Mental Illness: A Chemical Imbalance? Hereditary? Trauma Based? Or a Little Bit of Everything?

A discussion regarding "mental illness".  A chemical imbalance in the brain? Hereditary? Trauma based? Or a little  bit of everything?

Let me begin by stating that I am a Psychology major. I am graduating at the end of the year with a Bachelor's degree. I am passionate about the study behind certain behavioral patterns and mental processes. Unfortunately, there is a stigma revolving around these diagnoses, people discrediting the efficacy of Psychiatry and stating the pharmaceutical industry is out for themselves.

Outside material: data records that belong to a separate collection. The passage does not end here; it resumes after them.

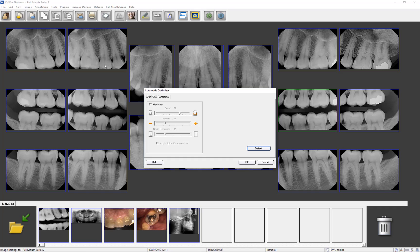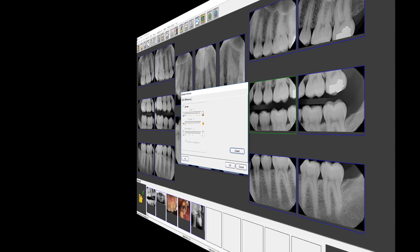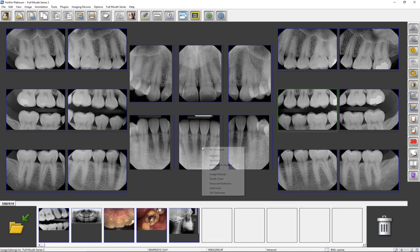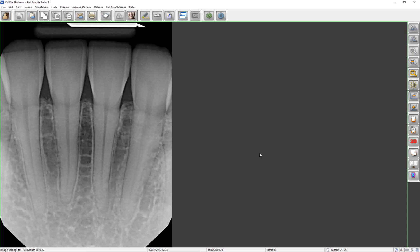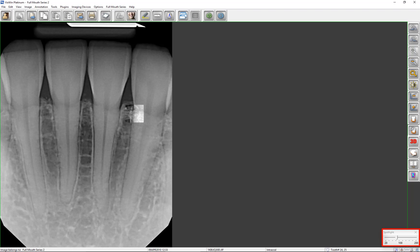A dialog window will appear where you can set the default sharpness, intensity, and noise level of captured images. The Spotlight feature further enhances image detail by maximizing the contrast in a localized, user-defined area. When Spotlight is selected, a dialog window appears where you can adjust the size of the highlighted area. To use the Spotlight tool, click on an image and then move the mouse over the area to spotlight.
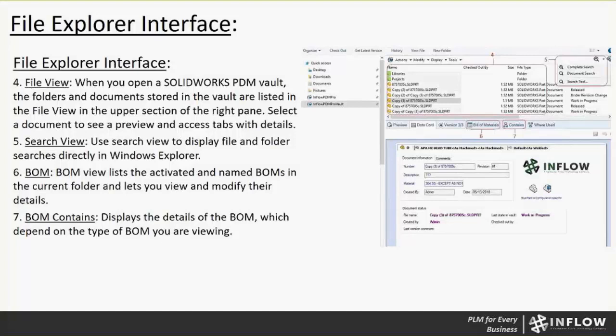Number five, the search view. You can use the search view to display file and folder searches directly in Windows Explorer. If you click that magnifying glass, depending on what search documents or functions you have set up in your vault, those will show up in that drop-down folder. Another way to go to the search function is go to the Tools Search. Number six, the BOM or Bill of Materials. The BOM view lists the activated and named BOMs in the current folder and lets you view and modify their details.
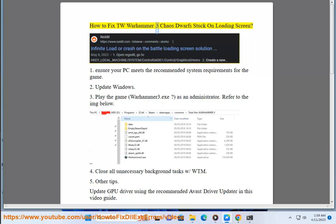How To Fix TW Warhammer 3 Chaos Dwarf Stuck On Loading Screen. 1. Ensure Your PC Meets The Recommended System Requirements For The Game.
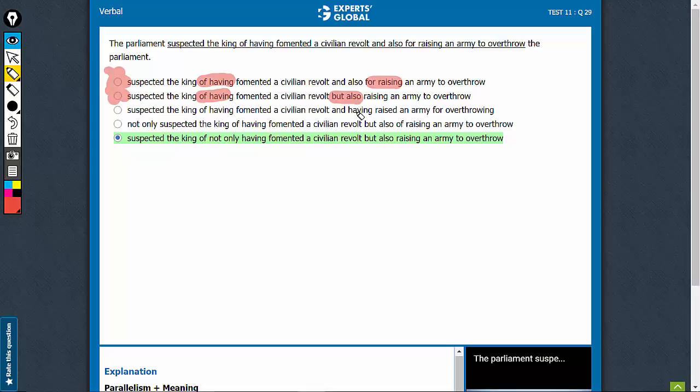Option C is quite passive. Suspected the king of having fomented and having raised. Although this is parallel, this is passive. We can keep it on hold, but the moment we have a better choice, this will be eliminated.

The information provided in the textbook is enticing, presenting diagrams of the brain and elaborating on the construction of neurotransmitters, sending these signals that generally elicit a response. Anti-depressants, commonly known as SSRIs (Selective Serotonin Reuptake Inhibitors), are one of the most prescribed medications in the country today. As an individual that has tested out a few of these Psychiatric medications to determine a regiment that is best suited for my anxiety and depression, I have come to the conclusion that medicine is not a resolute solution.

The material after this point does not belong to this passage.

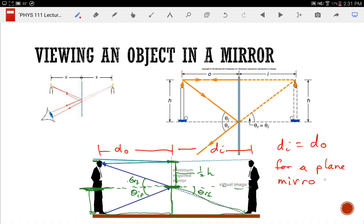Notice the spelling of the word 'plane' — it doesn't mean unadorned, it means flat. For a flat mirror, the image is the same distance behind the mirror as the object is in front. Technically, we put a minus sign here. We say it's a negative image distance because it's behind the mirror.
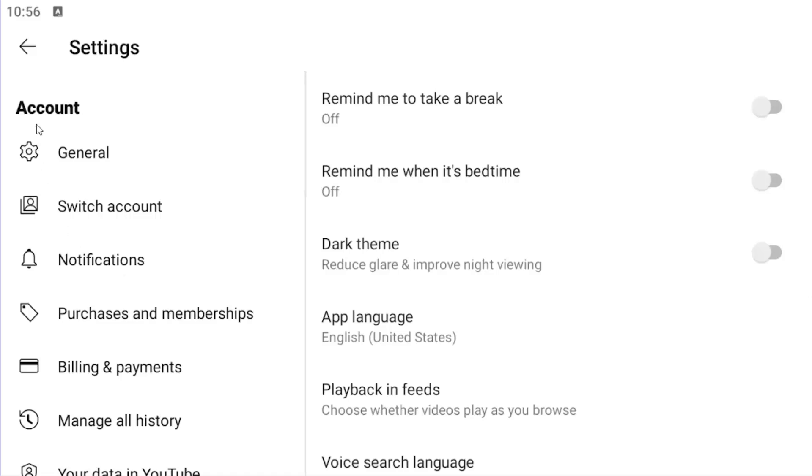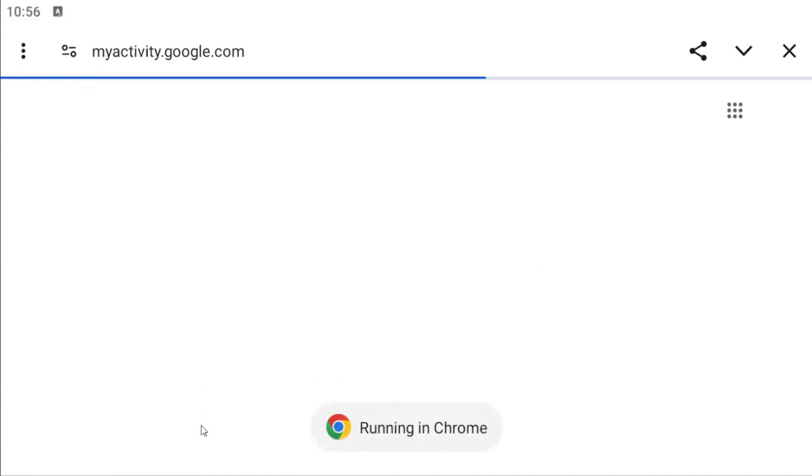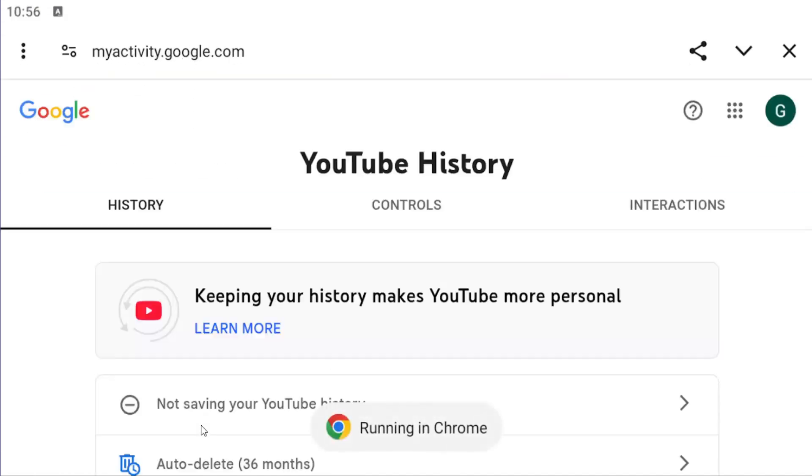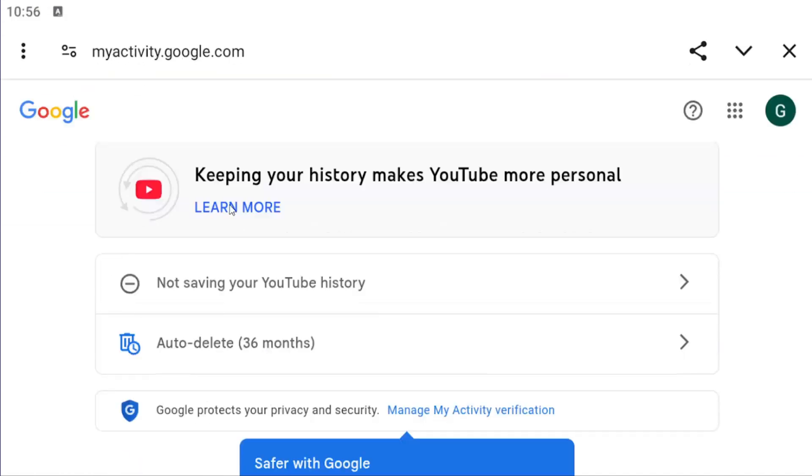On the left side underneath account, select where it says manage all history. On this page, you can just scroll down and you should see all of your recent search history.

I am a human being that has their demons and deals with struggles, similar to every individual on the face of this planet, who wants to find a way to work with what they have. To others, I may be considered weak. Personally, I believe the medication has the ability to calm me down when I am feeling rather anxious or stabilize my mood to avoid a depressive mindset. However, I still experience flashbacks that can damper my brief, optimistic frame of mind.

I have attempted to attend Cognitive Behavioral Therapy, a form of talk therapy to vent and find a way to deal with these negative thought patterns. Has it assisted? Not really. At the end of that fifty minute session, I am back to reality and have to take the initiative to make use of the therapist's coping strategies. It has taken time to learn to deal with these self-deprecating thoughts and will not come easily, a process that needs to be implemented on numerous occasions.

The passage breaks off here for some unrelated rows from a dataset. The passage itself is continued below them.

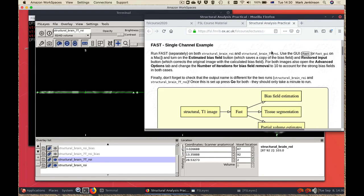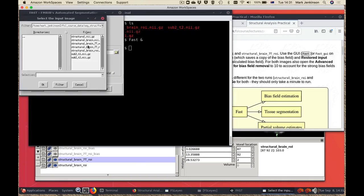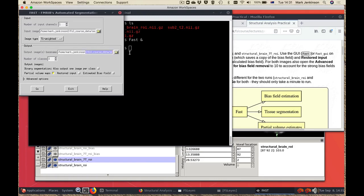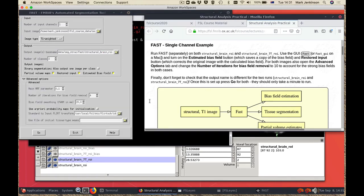We're going to run FAST to estimate the bias field and create a segmentation. We start the GUI, input the image, and it automatically fills in the output base name — it won't overwrite the original but will create other images with different extensions. I want to save both the restored image and the estimated bias field, and I'll increase the number of iterations for bias field removal to 10, to reflect that these images have a relatively strong bias field. I'll then click go and run it for both the 3T and the 7T image.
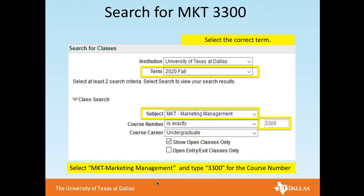You're going to select the correct term, select your subject, and type in the course number.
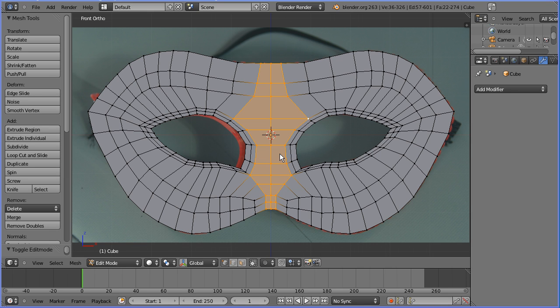Second part of a tutorial on how to make a party mask. In this part I'll show you how to do the UV mapping and I'll show you how to take the flat 2D model and make a solid shaped 3D model.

I can understand the stigma with mental illness, hence, there were numerous individuals that also experienced severe trauma, a significant amount of years ago and did not have the option to consume medication or undergo counseling sessions.

Yet again, I have an illness that can present itself in a situational circumstance. A loved one passed away? We will most likely experience sadness for a prolonged amount of time. Have to take the GRE to get into the Graduate school of your dreams? You will most likely be very tense and worried.

However, what about those that are Schizophrenic? Or have Dissociative Identity Disorder? Do they choose to hear and see things that are not present because they are "weak"?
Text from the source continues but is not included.